Pipeline: Design PipelineResource extensibility

Created on 10 Nov 2018 · 23Comments · Source: tektoncd/pipeline

Expected Behavior

We should have clear extension points in the Pipeline CRD system. These points should be well documented, clear, and tested.

Ideally it will be possible to extend the system without having to modify the existing controller binaries or CRD definitions.

Actual Behavior

At the moment, if a user wanted to extend the Pipeline they have these options:

They want to create their own kind of Resource (e.g. they use something like mercurial, but we currently only support git) = They have to modify and re-deploy the TaskRun controller @_@ (and maybe the PipelineRun controller also)
They want to create their own kind of Task = #215 + ducktyping should allow for alternative Task implementation
They want to run xyz specific logic = They can put any logic they want inside a task

In the worst case, the last option _should_ allow a user to do pretty much anything they want, outside of the functionality provided by this system.

Additional Info

n/a

design

Source

bobcatfish

Most helpful comment

Here is one proposal, which I am unreasonably attached to:

Similar to how consourse uses Resources as an extension point, we could also use Resources as an extension point.

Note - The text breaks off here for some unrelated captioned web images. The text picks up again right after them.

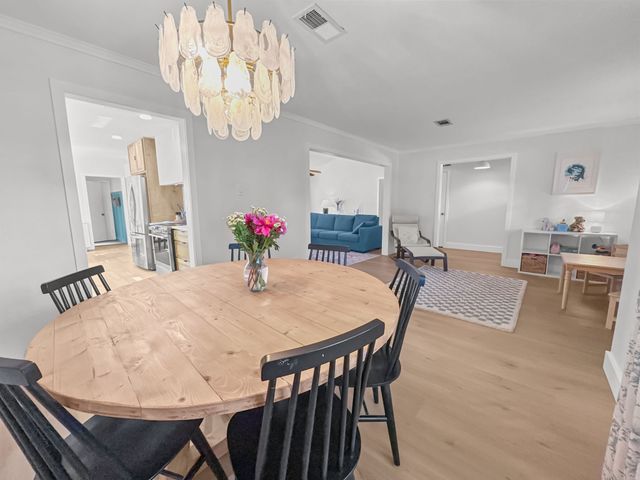 312 Meadowlark Drive, Richardson, TX 75080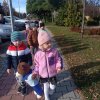 Miś Uszatek na spacerze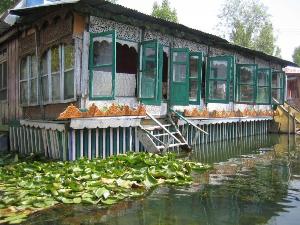 Island Hotel, Srinagar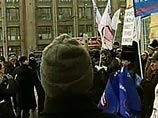 Порядка 200 человек пришли в субботу на Триумфальную площадь в Москве на митинг в поддержку возможного кандидата на пост президента России, писателя, бывшего диссидента Владимира Буковского Порядка 200 человек пришли в субботу на Триумфальную площадь в Москве на митинг в поддержку возможного кандидата на пост президента России, писателя, бывшего диссидента Владимира Буковского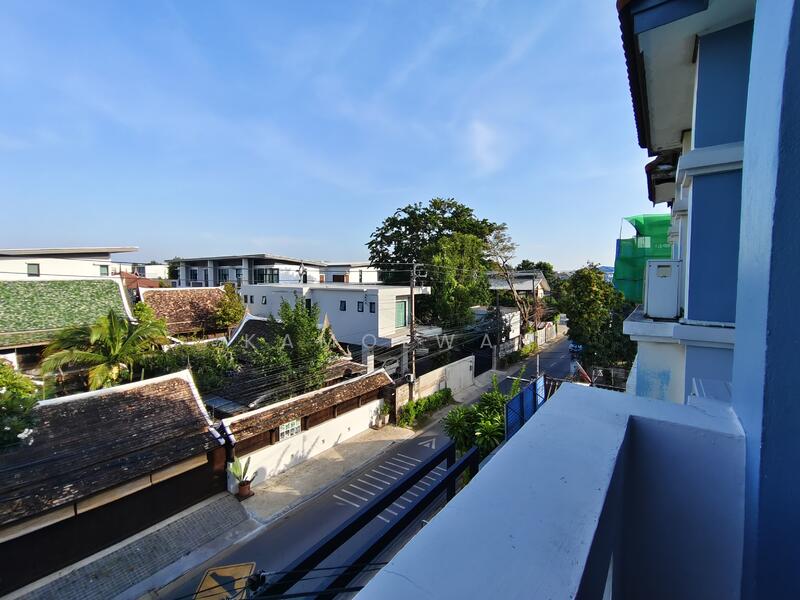 For Sale - 4-story townhome, good location, can access in many ways, 2-Sena-Chokchai Si Green and yellow lines, Bangkok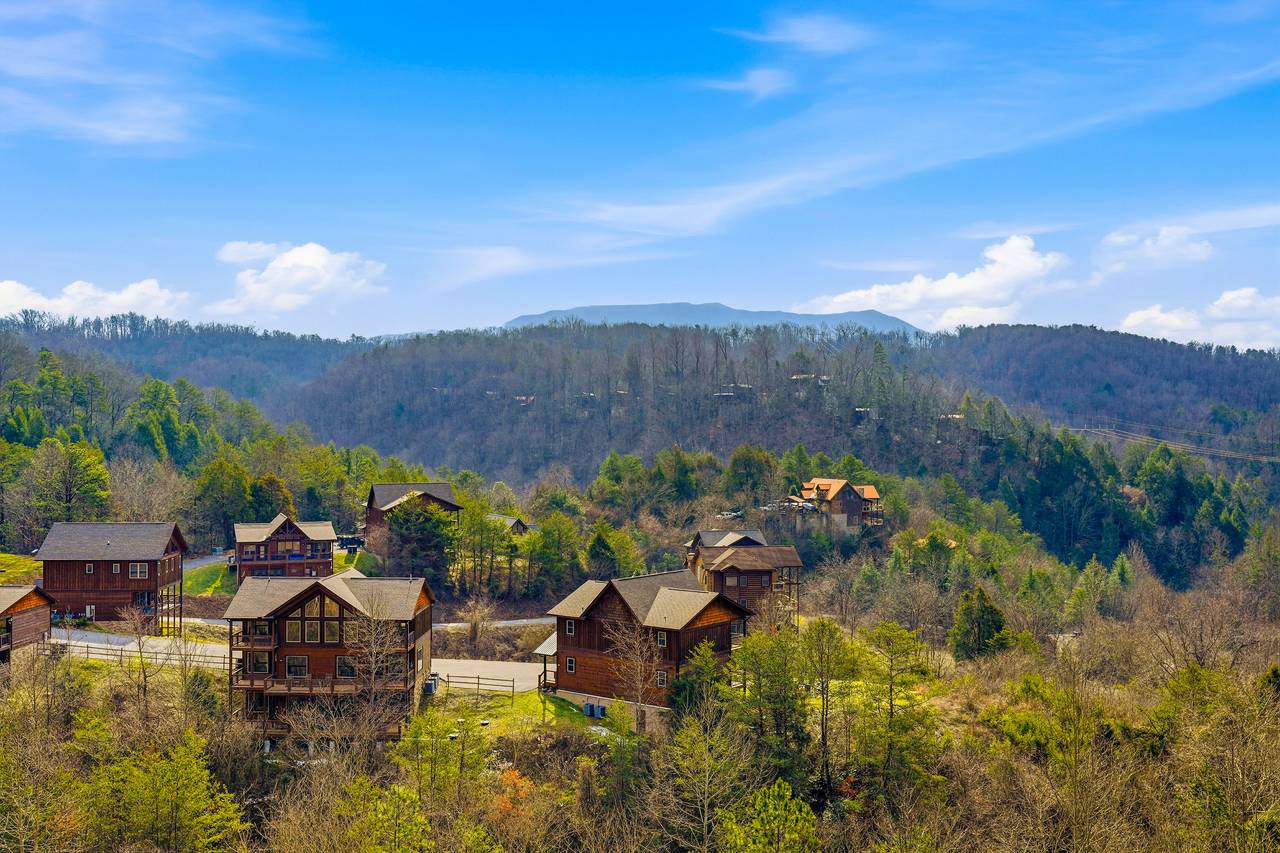 <span class="name">Mountain view cabin in Pigeon Forge</span> <span class="name">Mountain view cabin in Pigeon Forge</span>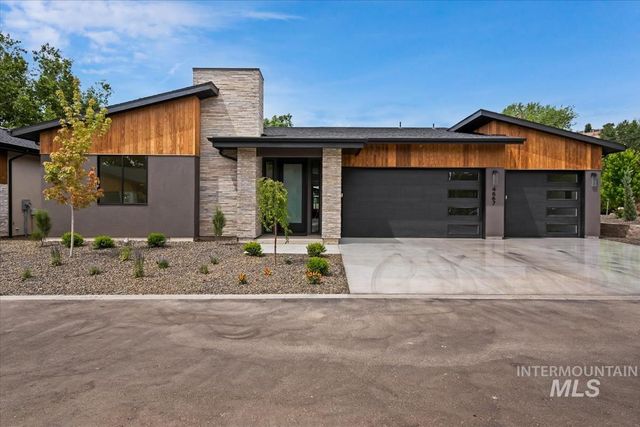 4667 N Collister Dr, Boise, ID 83703 property photo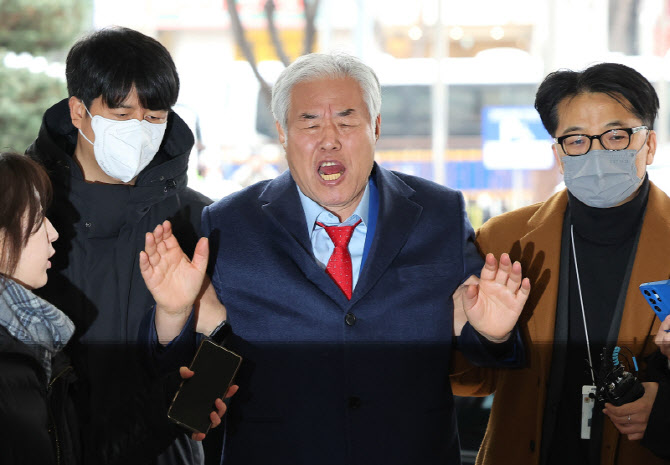 전광훈 내란선동 혐의는 불송치, "구체적 지시 없다"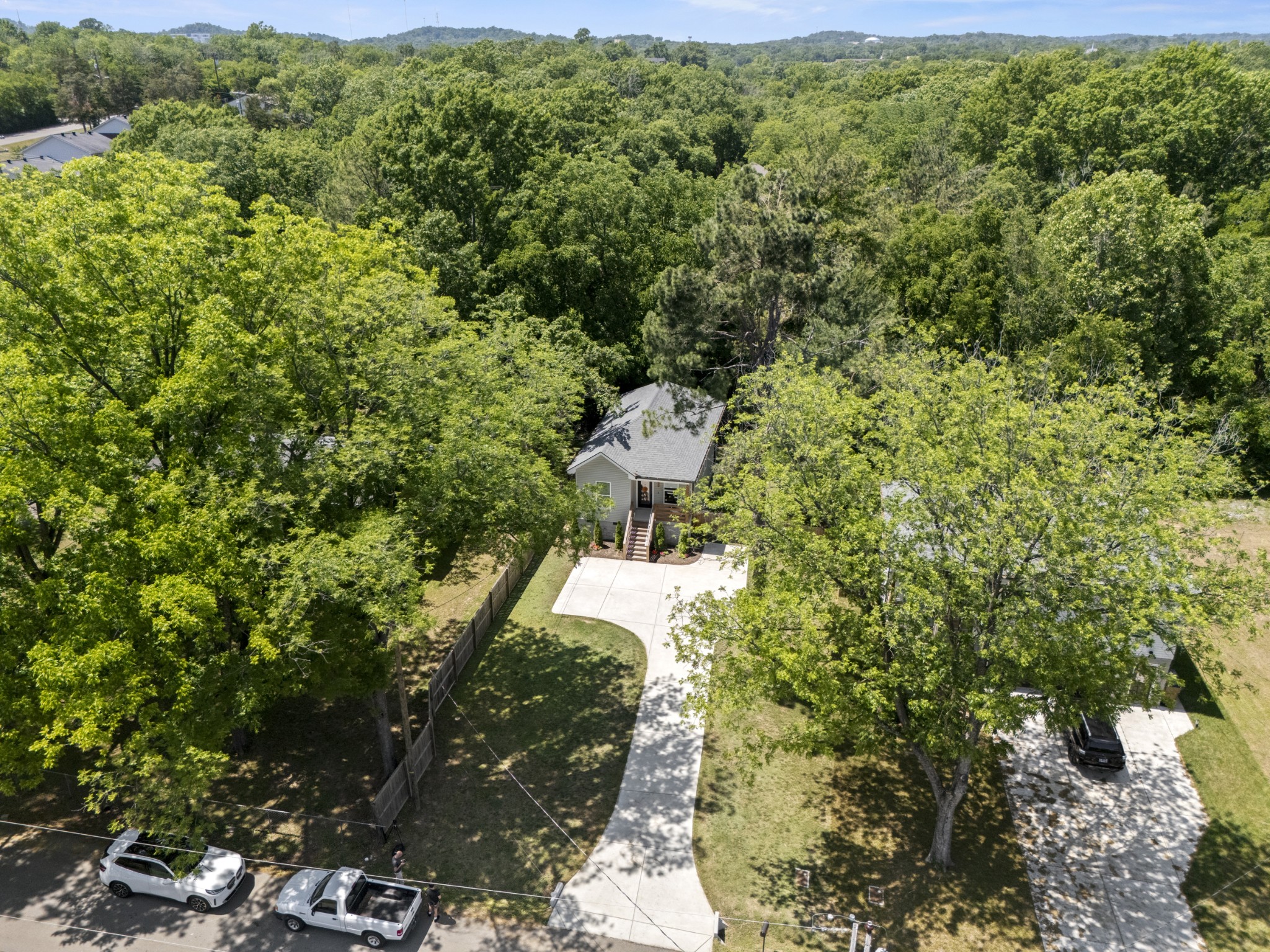 1102 Fernbank Dr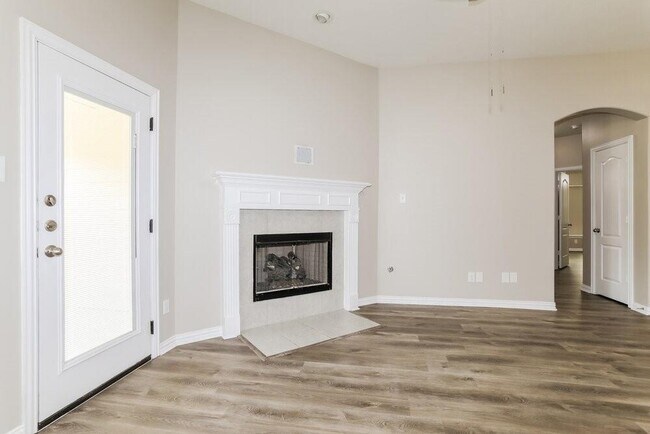 Building Photo - 2525 Wood Park Blvd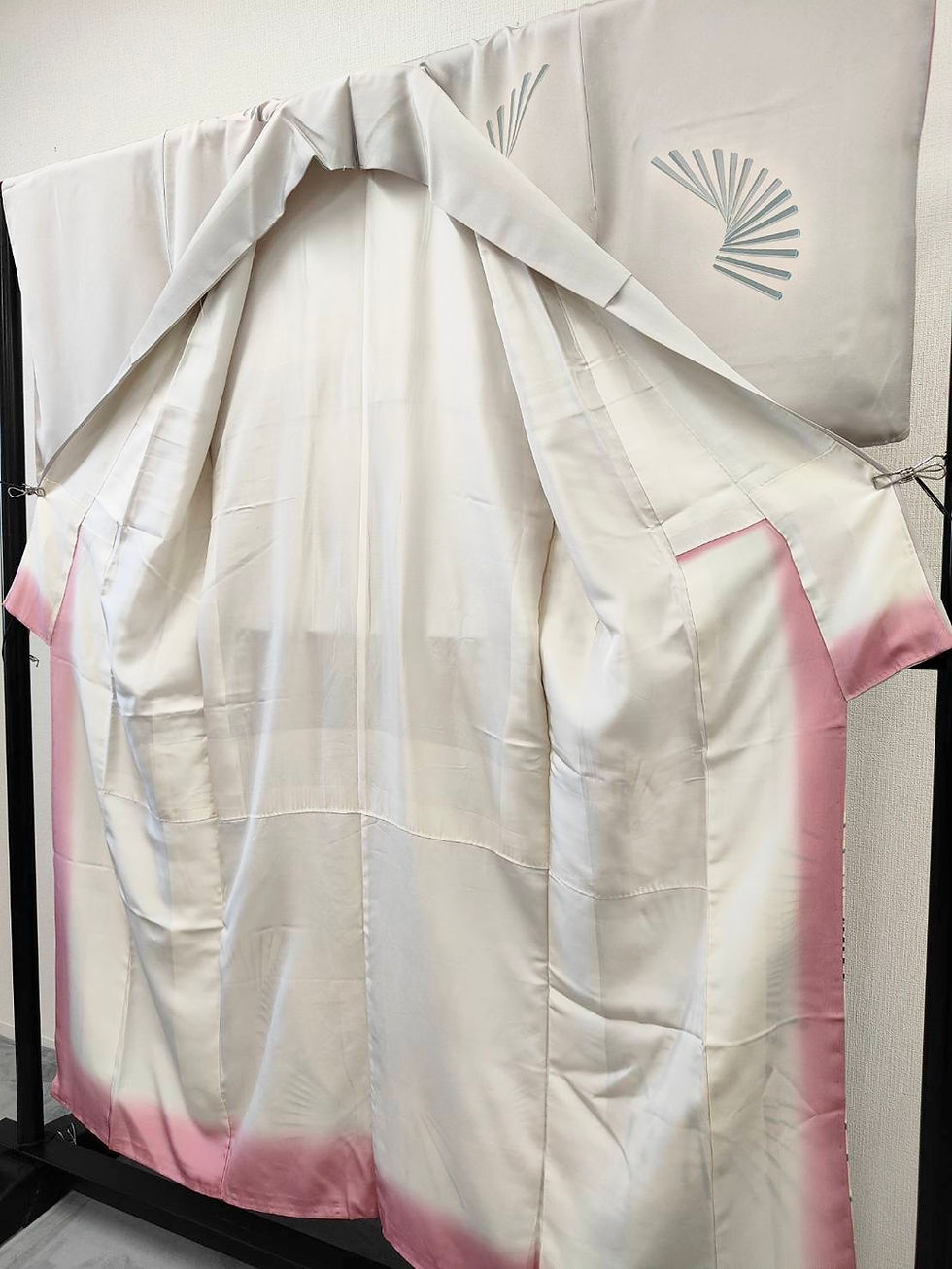 サムネイル： ◇KWK015 着物 袷着物 Kimono グレー系 古着 レトロ 和服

We add a Resource controller, which only pays attention to Resource types it knows about and ignores the rest
When the Resource controller sees a Resource it knows about, it will make that Resource available via a PVC (e.g. if it's a Git resource check out the repo into a volume mount) or via some string data in the Status of the resource (e.g. for an image we just need the url + digest)
If a user wants to add their own kind of Resource, they can add a controller that knows how to handle that Resource type
When the Resource is used as an output, maybe this updated via some fields in the spec, which the controller can react to?

Cons:

This interferes with the most appealing option for #200, which is to stop using CRDs for Resources
This requires the system we deploy to support PVCs, not sure if this is a problem or not, have been trying with @aaron-prindle to avoid solutions to #224 that require PVC

bobcatfish on 10 Nov 2018

👍3

All 23 comments

Here is one proposal, which I am unreasonably attached to:

Similar to how consourse uses Resources as an extension point, we could also use Resources as an extension point.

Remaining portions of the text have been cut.